▶ [Task statement]:
Please report how many lines of the data include the word "Rose", with the number as the entire reply.

····················

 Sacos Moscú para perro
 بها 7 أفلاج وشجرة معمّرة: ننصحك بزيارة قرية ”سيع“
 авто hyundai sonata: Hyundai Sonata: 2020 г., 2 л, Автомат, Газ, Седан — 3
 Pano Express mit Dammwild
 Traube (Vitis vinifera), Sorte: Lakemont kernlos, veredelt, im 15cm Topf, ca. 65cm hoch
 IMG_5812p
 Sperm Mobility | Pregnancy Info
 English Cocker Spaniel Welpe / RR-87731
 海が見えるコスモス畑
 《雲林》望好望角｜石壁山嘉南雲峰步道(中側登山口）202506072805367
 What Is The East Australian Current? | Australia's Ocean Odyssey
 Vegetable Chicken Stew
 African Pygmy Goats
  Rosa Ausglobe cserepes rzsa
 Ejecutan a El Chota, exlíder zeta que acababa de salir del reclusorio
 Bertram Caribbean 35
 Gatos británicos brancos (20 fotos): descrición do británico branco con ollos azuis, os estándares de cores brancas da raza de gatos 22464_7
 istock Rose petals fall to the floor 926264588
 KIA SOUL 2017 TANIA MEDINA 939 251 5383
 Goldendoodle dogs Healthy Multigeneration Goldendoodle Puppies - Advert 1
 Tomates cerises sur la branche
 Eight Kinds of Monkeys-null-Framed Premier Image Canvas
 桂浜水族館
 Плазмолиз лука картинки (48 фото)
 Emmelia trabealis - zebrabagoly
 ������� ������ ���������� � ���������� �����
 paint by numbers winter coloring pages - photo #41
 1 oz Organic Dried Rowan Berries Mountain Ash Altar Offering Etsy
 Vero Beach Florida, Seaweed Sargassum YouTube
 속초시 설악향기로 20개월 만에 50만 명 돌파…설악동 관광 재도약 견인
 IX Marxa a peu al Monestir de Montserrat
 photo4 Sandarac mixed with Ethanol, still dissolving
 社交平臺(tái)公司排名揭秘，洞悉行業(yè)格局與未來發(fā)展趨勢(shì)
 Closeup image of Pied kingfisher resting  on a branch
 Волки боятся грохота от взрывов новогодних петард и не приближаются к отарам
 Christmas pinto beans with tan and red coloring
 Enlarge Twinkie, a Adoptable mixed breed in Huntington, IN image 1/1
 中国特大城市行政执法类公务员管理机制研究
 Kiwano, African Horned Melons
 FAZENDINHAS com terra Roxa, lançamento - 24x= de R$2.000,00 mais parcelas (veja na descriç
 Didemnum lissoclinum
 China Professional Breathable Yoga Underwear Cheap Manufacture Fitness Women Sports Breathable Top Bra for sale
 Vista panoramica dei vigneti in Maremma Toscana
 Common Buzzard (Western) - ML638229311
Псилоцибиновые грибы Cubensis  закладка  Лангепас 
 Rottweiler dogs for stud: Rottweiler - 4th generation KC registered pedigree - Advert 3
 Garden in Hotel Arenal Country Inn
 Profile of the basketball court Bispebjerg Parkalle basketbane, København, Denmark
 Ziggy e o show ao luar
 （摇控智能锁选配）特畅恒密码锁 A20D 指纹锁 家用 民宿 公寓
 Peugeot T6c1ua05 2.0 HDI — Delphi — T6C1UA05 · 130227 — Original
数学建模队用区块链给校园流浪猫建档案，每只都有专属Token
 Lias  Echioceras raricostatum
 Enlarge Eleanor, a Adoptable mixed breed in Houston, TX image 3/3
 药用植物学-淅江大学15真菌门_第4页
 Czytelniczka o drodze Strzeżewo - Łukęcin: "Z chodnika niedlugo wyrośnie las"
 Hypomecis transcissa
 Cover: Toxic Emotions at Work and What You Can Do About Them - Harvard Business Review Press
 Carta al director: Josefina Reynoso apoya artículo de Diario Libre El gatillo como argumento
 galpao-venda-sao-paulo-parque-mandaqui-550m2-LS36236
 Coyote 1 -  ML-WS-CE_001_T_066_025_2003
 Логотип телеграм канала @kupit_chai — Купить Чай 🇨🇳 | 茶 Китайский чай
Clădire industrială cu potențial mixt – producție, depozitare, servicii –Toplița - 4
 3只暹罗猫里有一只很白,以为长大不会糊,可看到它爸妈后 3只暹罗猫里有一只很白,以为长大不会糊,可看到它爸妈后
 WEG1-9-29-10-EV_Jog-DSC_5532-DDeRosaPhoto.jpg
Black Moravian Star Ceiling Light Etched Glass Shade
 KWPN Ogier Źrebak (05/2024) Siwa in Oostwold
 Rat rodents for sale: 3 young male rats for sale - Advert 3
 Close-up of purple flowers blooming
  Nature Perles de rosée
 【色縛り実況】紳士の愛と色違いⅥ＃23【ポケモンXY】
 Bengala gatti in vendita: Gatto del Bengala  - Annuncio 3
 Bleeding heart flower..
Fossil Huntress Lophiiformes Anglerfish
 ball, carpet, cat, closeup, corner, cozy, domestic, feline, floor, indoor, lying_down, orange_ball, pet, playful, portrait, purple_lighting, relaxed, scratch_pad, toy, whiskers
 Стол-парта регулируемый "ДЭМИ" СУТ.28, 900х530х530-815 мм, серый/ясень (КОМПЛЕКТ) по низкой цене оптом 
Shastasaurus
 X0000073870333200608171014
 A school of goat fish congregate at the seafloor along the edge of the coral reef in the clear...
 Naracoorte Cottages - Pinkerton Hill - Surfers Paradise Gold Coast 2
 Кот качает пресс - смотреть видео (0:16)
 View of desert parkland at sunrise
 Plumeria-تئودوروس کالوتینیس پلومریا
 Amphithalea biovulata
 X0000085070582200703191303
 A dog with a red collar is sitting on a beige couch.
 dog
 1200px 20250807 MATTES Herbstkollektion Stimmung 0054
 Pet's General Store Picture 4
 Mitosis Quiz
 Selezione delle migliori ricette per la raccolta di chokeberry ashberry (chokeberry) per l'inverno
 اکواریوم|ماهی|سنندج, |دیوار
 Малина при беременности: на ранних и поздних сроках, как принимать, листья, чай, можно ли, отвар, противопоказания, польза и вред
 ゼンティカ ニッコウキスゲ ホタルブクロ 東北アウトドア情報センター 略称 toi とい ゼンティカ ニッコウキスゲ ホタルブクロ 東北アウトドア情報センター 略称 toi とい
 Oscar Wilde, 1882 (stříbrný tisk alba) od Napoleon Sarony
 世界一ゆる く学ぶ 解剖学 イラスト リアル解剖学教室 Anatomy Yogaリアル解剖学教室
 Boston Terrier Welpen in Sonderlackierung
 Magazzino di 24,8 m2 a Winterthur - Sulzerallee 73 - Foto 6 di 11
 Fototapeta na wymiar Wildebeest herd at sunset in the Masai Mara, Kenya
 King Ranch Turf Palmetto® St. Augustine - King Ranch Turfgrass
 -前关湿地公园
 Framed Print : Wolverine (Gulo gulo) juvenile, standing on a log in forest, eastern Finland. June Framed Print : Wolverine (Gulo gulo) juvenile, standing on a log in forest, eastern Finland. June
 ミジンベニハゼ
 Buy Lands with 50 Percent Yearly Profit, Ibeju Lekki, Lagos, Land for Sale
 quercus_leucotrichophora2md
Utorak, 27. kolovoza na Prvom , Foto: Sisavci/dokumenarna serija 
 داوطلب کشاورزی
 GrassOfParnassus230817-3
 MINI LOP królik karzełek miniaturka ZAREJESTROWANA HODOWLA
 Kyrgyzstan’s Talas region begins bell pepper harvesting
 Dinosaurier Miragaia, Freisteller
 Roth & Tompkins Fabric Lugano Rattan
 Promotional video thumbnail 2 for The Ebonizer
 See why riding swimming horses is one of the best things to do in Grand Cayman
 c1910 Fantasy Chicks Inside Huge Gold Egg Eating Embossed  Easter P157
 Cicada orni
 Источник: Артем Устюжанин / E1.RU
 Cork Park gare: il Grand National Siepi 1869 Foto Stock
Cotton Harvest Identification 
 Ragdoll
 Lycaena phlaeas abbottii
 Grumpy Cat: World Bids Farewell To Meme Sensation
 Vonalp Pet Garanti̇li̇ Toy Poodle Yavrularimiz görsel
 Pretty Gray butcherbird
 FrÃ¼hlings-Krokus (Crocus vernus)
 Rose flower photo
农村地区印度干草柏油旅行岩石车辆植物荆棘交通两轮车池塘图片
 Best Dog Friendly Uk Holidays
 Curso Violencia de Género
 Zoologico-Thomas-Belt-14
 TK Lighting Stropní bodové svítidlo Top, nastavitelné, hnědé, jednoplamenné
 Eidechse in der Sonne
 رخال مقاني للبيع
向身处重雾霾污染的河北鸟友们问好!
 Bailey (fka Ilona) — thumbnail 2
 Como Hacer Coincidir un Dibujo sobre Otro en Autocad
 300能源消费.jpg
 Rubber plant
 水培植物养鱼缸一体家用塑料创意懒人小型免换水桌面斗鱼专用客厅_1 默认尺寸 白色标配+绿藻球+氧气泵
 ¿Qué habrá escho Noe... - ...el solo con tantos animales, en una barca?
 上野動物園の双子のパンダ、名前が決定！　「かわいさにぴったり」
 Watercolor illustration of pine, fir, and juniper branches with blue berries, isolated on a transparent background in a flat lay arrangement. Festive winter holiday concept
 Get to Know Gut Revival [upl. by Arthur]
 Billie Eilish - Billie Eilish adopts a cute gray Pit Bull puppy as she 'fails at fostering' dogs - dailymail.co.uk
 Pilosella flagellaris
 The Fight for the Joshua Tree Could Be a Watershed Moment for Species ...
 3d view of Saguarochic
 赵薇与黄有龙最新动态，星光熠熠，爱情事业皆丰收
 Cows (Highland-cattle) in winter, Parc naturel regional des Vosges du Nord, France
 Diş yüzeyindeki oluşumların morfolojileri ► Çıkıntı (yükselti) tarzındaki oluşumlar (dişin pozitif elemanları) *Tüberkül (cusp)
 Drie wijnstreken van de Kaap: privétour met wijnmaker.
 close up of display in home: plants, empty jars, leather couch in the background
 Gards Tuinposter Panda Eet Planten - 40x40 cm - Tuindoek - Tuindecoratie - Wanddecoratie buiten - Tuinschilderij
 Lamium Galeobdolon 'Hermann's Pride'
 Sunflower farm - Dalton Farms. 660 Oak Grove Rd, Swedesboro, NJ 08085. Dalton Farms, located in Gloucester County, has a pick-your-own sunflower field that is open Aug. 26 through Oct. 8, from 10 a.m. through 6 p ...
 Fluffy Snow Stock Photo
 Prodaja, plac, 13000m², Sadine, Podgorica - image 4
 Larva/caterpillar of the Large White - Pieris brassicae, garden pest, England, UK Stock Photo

····················

▶ [Reply]:
2